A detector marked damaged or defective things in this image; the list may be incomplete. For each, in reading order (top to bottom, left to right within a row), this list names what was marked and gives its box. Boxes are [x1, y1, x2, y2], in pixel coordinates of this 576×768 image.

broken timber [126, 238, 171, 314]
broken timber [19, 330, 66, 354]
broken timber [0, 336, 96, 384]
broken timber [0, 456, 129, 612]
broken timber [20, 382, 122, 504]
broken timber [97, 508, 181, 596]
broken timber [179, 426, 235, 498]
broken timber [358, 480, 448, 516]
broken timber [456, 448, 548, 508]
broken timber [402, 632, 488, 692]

### TASK STATEMENT:
Reply with the complete data above, every character as it stands.

### RESPONSE:
A detector marked damaged or defective things in this image; the list may be incomplete. For each, in reading order (top to bottom, left to right within a row), this list names what was marked and gives its box. Boxes are [x1, y1, x2, y2], in pixel coordinates of this 576×768 image.

broken timber [126, 238, 171, 314]
broken timber [19, 330, 66, 354]
broken timber [0, 336, 96, 384]
broken timber [0, 456, 129, 612]
broken timber [20, 382, 122, 504]
broken timber [97, 508, 181, 596]
broken timber [179, 426, 235, 498]
broken timber [358, 480, 448, 516]
broken timber [456, 448, 548, 508]
broken timber [402, 632, 488, 692]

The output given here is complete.